17.2.3    commit any serious act of dishonesty or repeated acts of dishonesty;
17.2.4    act in a manner which in the reasonable opinion of the President or Chief Executive Officer brings the Company into disrepute or otherwise prejudices or is considered likely to prejudice the reputation of the Company;
17.2.5    are adjudicated bankrupt or commit any act of bankruptcy or make any arrangement or composition with your creditors;
17.2.6    become of unsound mind or shall be or become a patient for the purposes of any mental health acts such that your unable to perform your duties under this Agreement;
17.2.7    cease to be a director of the Company or are prohibited or disqualified by law from holding any office in the Company or any other company;
17.2.8    are absent or unable through illness or injury to discharge in full your duties hereunder for a consecutive period of 90 days or for an aggregate period of 180 days in any period of 12 consecutive months;
17.2.9    cease to be eligible to work in the Republic of Ireland; or
17.2.10    are convicted of a criminal offence which the Company considers affects or could affect your position within the Company (other than minor traffic offences).

18.    ILLNESS
18.1.    Absences from work for whatever reason must be notified to your manager as soon as possible before your usual start time on the first day of absence.
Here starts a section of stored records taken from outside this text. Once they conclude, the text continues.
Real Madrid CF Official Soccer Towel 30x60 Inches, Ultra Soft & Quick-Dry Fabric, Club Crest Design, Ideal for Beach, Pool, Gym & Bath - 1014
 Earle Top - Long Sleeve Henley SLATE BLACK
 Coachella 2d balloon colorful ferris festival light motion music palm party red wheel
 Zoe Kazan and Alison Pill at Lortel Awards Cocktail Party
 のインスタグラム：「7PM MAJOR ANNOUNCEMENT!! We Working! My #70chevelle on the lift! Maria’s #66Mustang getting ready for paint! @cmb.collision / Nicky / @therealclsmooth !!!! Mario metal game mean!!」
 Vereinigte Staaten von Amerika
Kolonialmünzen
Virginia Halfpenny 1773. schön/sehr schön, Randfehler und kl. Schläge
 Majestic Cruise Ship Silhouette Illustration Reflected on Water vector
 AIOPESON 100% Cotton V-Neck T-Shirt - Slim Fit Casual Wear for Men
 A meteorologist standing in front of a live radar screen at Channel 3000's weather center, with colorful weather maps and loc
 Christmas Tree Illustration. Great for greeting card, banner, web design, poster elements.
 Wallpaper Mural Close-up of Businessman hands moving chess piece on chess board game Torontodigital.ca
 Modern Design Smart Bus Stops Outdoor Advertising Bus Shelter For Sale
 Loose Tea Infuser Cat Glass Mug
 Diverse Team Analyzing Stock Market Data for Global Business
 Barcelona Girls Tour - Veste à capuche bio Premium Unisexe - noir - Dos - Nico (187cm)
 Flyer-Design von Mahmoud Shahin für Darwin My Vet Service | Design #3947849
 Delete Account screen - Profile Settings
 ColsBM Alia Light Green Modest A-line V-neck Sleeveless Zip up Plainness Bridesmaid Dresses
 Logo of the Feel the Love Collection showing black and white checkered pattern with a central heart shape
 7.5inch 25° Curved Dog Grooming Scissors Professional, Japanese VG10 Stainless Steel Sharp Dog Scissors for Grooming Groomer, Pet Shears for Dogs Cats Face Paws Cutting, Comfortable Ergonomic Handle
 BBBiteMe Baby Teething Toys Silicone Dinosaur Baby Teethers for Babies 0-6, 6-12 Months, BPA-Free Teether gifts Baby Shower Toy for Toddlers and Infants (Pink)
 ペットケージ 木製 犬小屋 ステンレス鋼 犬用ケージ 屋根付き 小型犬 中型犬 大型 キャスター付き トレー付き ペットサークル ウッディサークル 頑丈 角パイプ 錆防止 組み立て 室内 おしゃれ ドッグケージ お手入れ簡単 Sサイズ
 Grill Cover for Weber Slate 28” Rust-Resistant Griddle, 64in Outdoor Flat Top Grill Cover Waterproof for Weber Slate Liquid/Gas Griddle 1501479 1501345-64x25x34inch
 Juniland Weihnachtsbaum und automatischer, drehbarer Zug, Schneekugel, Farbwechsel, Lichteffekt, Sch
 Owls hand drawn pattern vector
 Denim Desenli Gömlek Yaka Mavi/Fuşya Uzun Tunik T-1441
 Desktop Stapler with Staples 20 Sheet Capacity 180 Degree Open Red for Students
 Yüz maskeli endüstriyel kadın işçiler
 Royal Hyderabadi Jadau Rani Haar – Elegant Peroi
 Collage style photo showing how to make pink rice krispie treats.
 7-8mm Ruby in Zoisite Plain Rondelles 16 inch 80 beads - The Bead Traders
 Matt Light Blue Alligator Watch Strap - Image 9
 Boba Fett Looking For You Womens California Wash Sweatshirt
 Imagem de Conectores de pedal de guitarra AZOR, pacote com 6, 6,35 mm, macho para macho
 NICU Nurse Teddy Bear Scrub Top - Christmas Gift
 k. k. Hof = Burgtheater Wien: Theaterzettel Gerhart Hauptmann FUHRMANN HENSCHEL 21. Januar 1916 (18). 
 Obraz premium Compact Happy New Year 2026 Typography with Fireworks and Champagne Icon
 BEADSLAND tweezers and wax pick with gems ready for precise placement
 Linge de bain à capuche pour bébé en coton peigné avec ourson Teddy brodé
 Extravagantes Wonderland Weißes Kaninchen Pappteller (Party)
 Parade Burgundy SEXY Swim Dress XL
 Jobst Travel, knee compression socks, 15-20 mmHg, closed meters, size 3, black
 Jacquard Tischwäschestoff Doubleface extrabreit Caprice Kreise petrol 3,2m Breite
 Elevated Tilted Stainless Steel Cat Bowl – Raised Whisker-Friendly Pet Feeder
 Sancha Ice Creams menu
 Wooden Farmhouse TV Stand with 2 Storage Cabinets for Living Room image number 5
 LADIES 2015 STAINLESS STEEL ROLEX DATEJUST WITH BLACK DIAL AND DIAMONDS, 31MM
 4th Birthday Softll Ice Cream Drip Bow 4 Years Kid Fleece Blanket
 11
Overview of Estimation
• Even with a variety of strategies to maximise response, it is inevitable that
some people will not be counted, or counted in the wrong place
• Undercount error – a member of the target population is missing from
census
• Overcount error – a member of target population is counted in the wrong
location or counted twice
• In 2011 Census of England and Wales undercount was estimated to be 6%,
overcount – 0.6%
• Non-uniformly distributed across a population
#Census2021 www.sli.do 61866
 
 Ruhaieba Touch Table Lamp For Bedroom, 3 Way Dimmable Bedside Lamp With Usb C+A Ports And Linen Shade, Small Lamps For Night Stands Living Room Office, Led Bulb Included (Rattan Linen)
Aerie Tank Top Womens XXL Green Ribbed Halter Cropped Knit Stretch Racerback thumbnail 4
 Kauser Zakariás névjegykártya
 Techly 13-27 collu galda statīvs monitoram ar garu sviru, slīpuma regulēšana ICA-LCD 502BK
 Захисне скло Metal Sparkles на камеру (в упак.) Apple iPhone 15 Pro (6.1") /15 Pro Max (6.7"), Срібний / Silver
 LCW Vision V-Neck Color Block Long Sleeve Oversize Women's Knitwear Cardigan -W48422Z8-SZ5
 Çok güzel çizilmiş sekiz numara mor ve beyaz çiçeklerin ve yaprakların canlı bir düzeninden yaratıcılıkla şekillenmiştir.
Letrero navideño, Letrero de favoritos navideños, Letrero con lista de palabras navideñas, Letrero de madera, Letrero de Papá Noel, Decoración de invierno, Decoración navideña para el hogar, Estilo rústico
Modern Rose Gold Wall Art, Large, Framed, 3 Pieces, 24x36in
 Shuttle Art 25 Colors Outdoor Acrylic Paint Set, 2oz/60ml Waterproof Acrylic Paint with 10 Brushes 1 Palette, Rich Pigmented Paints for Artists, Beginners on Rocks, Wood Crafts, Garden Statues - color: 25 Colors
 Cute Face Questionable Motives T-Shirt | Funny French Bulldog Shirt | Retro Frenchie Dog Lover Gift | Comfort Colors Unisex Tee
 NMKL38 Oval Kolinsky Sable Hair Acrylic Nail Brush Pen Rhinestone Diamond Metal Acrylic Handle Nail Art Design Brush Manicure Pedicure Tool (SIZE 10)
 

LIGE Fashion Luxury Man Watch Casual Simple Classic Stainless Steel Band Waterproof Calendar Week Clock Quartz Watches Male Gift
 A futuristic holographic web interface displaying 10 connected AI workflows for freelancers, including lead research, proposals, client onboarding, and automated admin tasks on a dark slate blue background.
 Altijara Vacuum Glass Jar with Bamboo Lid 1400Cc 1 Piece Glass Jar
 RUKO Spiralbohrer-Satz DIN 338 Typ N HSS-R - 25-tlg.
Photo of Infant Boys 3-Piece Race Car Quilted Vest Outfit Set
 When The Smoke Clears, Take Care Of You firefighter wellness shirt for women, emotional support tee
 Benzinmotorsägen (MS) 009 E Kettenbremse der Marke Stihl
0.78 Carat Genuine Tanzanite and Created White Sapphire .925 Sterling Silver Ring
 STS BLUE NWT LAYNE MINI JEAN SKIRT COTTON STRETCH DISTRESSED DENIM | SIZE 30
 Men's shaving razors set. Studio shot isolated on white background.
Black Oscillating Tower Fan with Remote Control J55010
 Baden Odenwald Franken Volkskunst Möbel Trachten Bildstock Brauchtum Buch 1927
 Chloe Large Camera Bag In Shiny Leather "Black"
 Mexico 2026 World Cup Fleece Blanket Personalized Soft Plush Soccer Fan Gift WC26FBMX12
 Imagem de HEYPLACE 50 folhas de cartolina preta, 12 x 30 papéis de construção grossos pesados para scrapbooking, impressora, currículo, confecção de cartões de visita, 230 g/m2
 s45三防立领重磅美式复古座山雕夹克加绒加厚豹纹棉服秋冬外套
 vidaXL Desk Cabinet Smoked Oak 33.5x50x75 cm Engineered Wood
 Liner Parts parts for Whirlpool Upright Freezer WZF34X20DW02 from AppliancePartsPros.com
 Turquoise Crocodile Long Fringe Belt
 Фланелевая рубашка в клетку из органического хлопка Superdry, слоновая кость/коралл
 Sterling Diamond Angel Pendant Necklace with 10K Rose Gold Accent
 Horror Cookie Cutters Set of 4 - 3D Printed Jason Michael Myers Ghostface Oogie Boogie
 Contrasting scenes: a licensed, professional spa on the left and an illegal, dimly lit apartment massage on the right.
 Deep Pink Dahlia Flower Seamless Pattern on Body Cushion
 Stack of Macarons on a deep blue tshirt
You should contact your manager and confirm the reason for your absence and the expected length of such absence.
18.2.    Payment of sick pay (over and above your entitlement to statutory sick pay) for any absences attributable to illness will be entirely at the sole discretion of the Company.
18.3.    If you are at any time prevented by illness, injury, accident or any other circumstances from discharging all your duties for a period of three consecutive days, then a satisfactory certificate will be required from your doctor in respect of such absence.
18.4.    The Company reserves the right, at any time, to require you to undergo a medical examination by a doctor or consultant nominated by the Company, and the Company will bear the cost of such examination. Failure to attend at a medical examination when requested to do so may result in disciplinary action and/or termination of sick pay (if applicable).
18.5.    If your absence is or appears to be occasioned by actionable negligence, nuisance or breach of any statutory duty on the part of a third party in respect of which damages are or may be recoverable, you shall immediately notify your manager of that fact and of any claim, compromise, settlement or judgment made or awarded in connection




with it and all relevant particulars that the Company may reasonably require. You shall, if you have been in receipt of salary for a period of absence and if required by the Company, refund to the Company that part of any damages or compensation recovered by you relating to the loss of earnings for the period of sickness as the Company may reasonably determine less any costs borne by you in connection with the recovery of such damages or compensation, provided that the amount to be refunded shall not exceed the total amount paid to you by the Company in respect of the period of sickness.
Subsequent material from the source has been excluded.